Publication information
- Publisher: Marvel Comics
- First appearance: The Amazing Spider-Man #272 (Jan 1986)
- Created by: Tom DeFalco Sal Buscema

In-story information
- Alter ego: Jalome Beacher
- Species: Human
- Team affiliations: Masters of Evil Thunderbolts
- Notable aliases: The Teflon Coated Man
- Abilities: Skilled chemist Wears chemical lubricant-laced suit that grants: Ability to move at superhuman speeds Incredible maneuverability Ability to easily escape from a grappling hold

= Slyde =

Slyde (Jalome Beacher) is a supervillain appearing in American comic books published by Marvel Comics.

==Publication history==

Slyde first appeared in The Amazing Spider-Man #272 and was created by writer Tom DeFalco and artist Sal Buscema.

==Fictional character biography==
Jalome Beacher is a chemical engineer who creates a non-stick coating that can be applied to anything, only to be fired by his employers. He creates a costume coated in the substance and decided to use it to rob banks. His suit allows him to slide across floors with relative ease, and renders him impervious to Spider-Man's webbing. The suit has pads on the gloves so that Slyde can grip objects without them slipping from his grasp.

Slyde appears as part of the seventh incarnation of the Masters of Evil, founded by the Crimson Cowl. He joins the group in battling the Thunderbolts.

Upon the realization that he is turning forty soon, Slyde dons a new costume and attempts to rob a bank in a ploy to lure Spider-Man out in order to fight him. After being defeated and brought to jail, Slyde muses that, knowing that he "went toe to toe with Spider-Man", he is entirely all right with middle age.

In Wolverine, Slyde is apparently killed by Elektra. He is later revealed to be Jalome's stepbrother Matthew, who assumed the costume and identity of Slyde while he was in prison.
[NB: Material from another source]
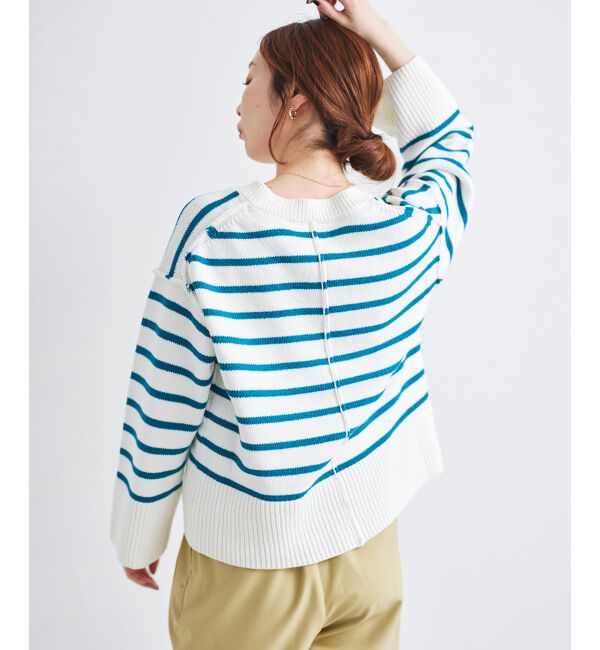 le.coeur blanc「ボーダーワイドシルエットVネックニット」|ニット・セーター|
Jalome, as Slyde again, along with the Trapster, meets with mob boss Hammerhead, who was attempting to organize a group of super-criminals to take advantage of the Civil War between superheroes. However, Slyde balks at the proposal. He is shot in the head and killed by Hammerhead's enforcer Underworld to send a message to those who would refuse to join Hammerhead's organization.
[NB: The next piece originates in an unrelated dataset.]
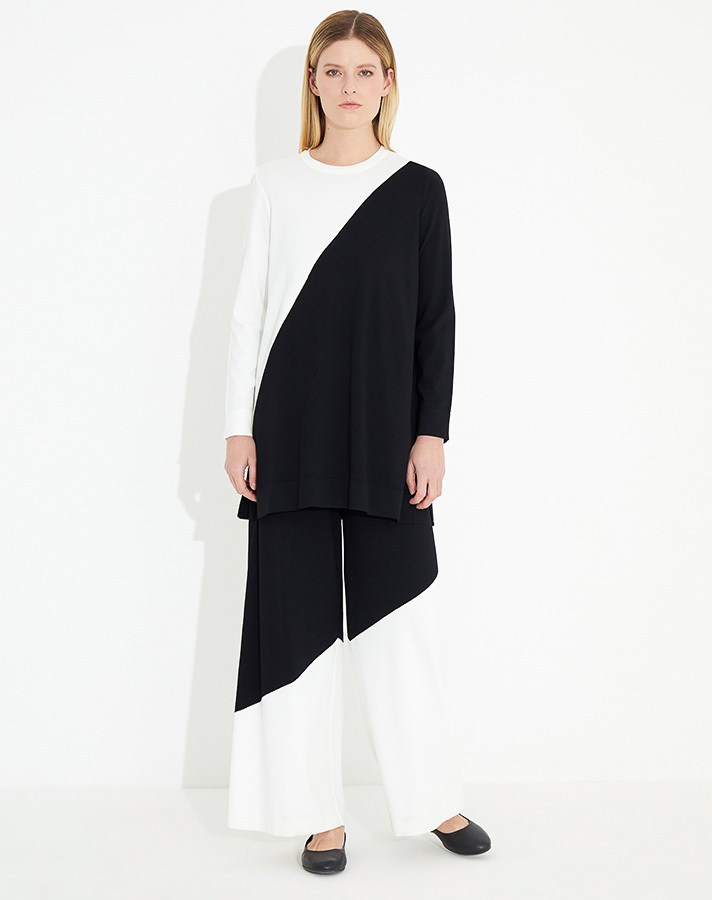 T23Y-6014 Deseni Asimetrik Triko Tunik - 1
During the "Avengers: Standoff!" storyline, Slyde appears alive as a resident of Pleasant Hill, a gated community established by S.H.I.E.L.D.

==Other characters named Slyde==
- Following Beacher's death, an unknown person succeeds him as Slyde and joins the 50 State Initiative.
- An undercover NYPD police officer assumes the Slyde mantle during Spider-Man: Brand New Day.
- After losing her powers during M-Day, Stacy X uses a modified Slyde suit along with Stilt-Man armor, web shooters, and Frog-Man springs.

==Powers and abilities==
The chemicals on the suit that Slyde wears allow him to move at nearly 30 mi/h, making him very agile and difficult to attack. He is also a skilled chemist.

==In other media==
Slyde appears in the Spider-Man episode "The Road to Goblin War", voiced by Phil LaMarr. This version is a former worker at the Beemont Chemical Corporation who was fired by CEO Alan Beemont and became Slyde to get revenge and cause chaos. Additionally, he received his technology from Joseph Rockwell, Beemont's assistant and a member of the Goblin Nation.